Re: can we keep/drop a variable without reading the the dataset.

deleted_user · Posted 03-31-2010 10:59 AM

can we drop a variable without reading the the dataset?

just like we can rename it in proc datasets...

my dataset is just too huge ...
i am creating a dataset using array , it can have x_1 - x_2000 columns.
but not every the time all columns are populated.
i have to drop columns which are not populated.
i can maintain a list of the index of column which are populated in a macro variable.
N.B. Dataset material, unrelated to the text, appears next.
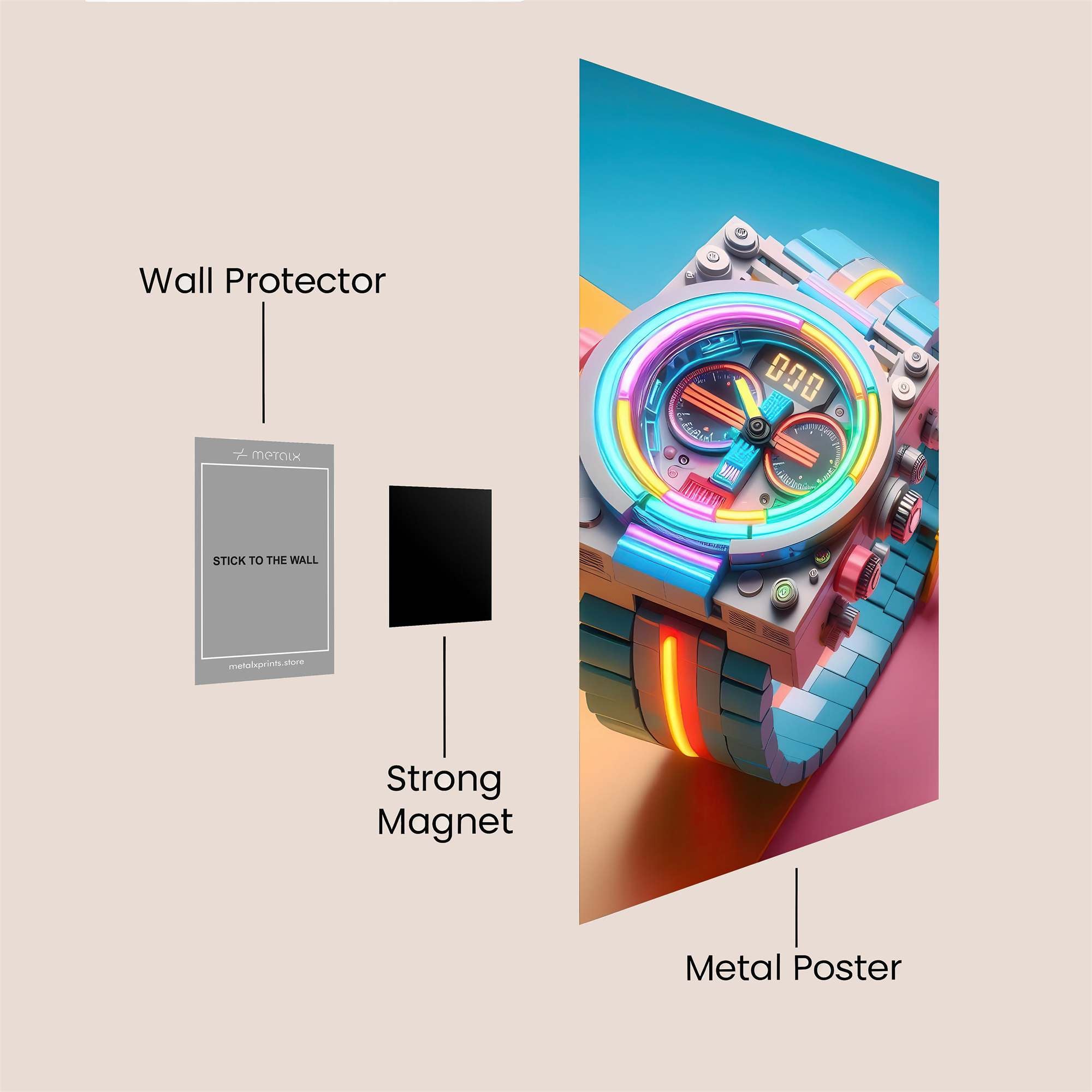 Neon Pulse Safe Wall Magnetic / M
i have too do this keep drop operation in other datasteps.
it also takes too much of time. i want to save that time.

thanks in advance

Regards
Avi Message was edited by: Avi

sbb · Posted 03-31-2010 12:11 PM

Not possible. But with a DATA step and most PROCs, do consider the KEEP= and DROP= dataset options (DATA or SET stmt or DATA= or OUT= with PROCs) for altering your SAS file either on input or output depending on your circumstances and requirements.

COMMENT: Suggest you investigate using SAS VIEWs and possibly the INDEX, depending on your data-volume and processing requirements, as an alternative, where suitable.

Scott Barry
SBBWorks, Inc.

Suggested Google advanced search argument, this topic/post:
how to drop variable site:sas.com

SAS_user · Posted 04-01-2010 08:07 AM

If a data is permanent, you can create a view using keep/drop statement.

If a data is temporary, don't bother using extra step and eliminating empty variables.

darrylovia · Posted 04-01-2010 08:15 AM

You could PROC SQL; ALTER TABLE statement

see the documentation linked here
http://support.sas.com/documentation/cdl/en/proc/61895/HTML/default/a002473671.htm
See below for a code example

proc sql;
create table work.shoes as
select *
from sashelp.shoes;
quit;

proc sql;
alter table work.shoes
drop inventory;
quit;

proc sql;
select *
from work.shoes;
quit;

deleted_user · Posted 04-01-2010 08:58 AM

hi all ,
Thanks of the reply ... Alter table is a good option .

regards,
Avi

Patrick · Posted 04-01-2010 09:15 PM

Avi

I believe Scott is just right: "Not possible".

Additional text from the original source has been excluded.